__THE PROBLEM__:
For the entries that follow, restate word for word the line containing "In this lesson, you", the line containing "Verizon doesn't have", and every line that lies between them.

__DATA IN THIS EXERCISE__:
=== Section Start ===
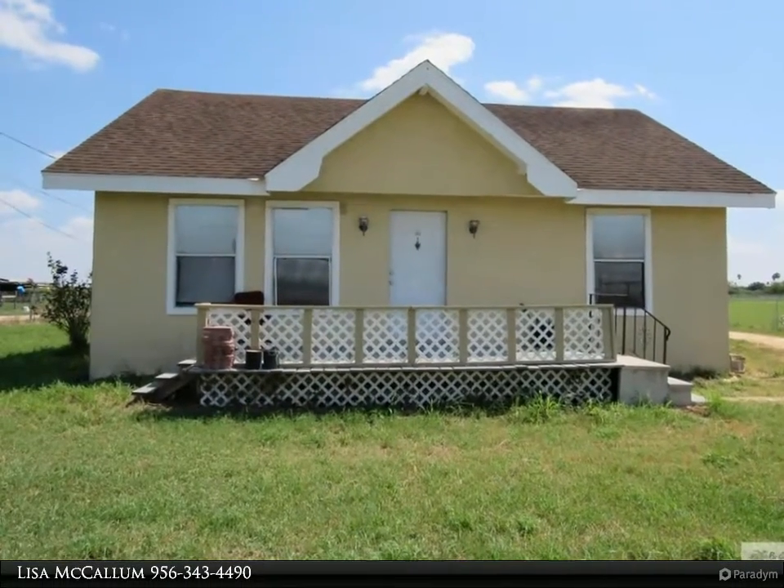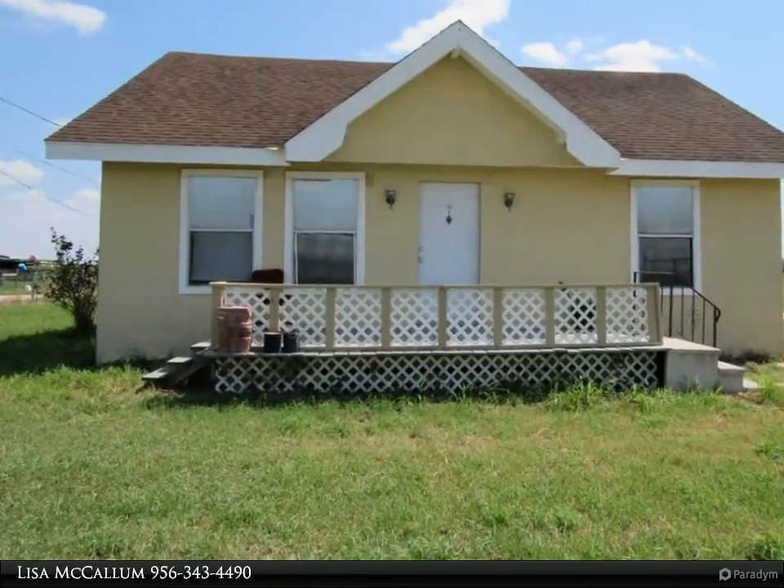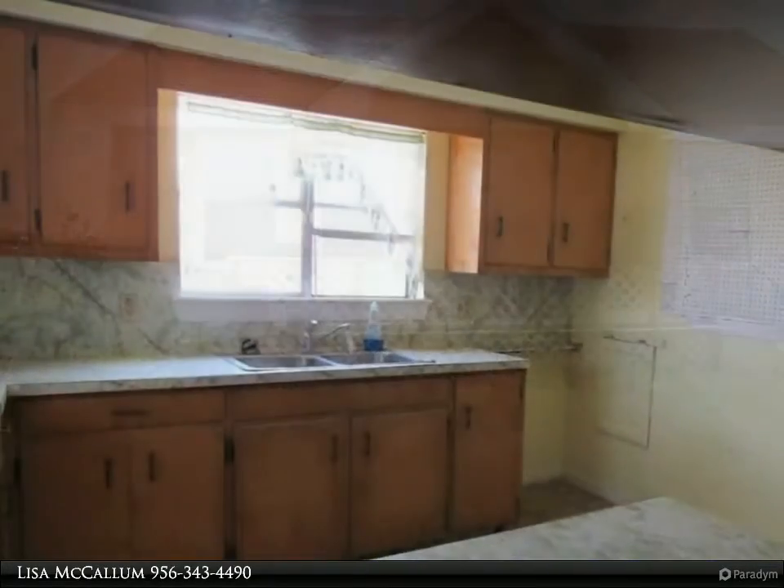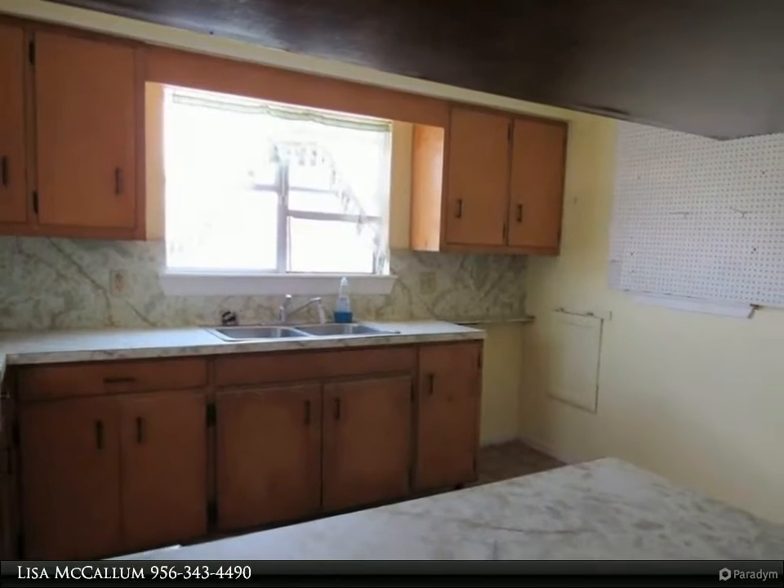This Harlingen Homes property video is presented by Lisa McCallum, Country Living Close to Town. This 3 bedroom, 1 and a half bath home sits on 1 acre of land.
=== Section End ===
=== Section Start ===
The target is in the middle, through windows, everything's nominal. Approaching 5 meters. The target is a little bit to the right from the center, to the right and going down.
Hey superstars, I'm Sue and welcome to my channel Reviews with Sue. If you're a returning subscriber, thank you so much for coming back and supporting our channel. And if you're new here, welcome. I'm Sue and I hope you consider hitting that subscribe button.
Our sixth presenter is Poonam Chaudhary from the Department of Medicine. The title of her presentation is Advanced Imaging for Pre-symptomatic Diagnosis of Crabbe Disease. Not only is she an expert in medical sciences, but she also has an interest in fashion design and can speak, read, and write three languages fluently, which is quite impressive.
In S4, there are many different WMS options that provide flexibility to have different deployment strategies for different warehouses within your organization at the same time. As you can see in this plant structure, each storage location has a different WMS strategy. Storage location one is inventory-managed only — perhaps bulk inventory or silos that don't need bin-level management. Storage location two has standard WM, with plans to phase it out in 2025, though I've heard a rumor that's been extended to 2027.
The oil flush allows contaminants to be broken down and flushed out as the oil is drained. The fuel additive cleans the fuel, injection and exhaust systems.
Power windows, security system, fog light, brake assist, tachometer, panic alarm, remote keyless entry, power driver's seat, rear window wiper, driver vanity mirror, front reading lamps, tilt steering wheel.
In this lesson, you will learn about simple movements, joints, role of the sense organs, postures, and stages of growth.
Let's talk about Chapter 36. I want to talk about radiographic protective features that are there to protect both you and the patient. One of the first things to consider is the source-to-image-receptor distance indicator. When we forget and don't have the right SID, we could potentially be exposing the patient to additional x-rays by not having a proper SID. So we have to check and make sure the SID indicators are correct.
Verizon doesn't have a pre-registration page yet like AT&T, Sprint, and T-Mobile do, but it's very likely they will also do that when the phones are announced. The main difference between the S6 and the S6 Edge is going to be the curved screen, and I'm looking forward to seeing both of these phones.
=== Section End ===
__EXERCISE OUTPUT__:
In this lesson, you will learn about simple movements, joints, role of the sense organs, postures, and stages of growth.
Let's talk about Chapter 36. I want to talk about radiographic protective features that are there to protect both you and the patient. One of the first things to consider is the source-to-image-receptor distance indicator. When we forget and don't have the right SID, we could potentially be exposing the patient to additional x-rays by not having a proper SID. So we have to check and make sure the SID indicators are correct.
Verizon doesn't have a pre-registration page yet like AT&T, Sprint, and T-Mobile do, but it's very likely they will also do that when the phones are announced. The main difference between the S6 and the S6 Edge is going to be the curved screen, and I'm looking forward to seeing both of these phones.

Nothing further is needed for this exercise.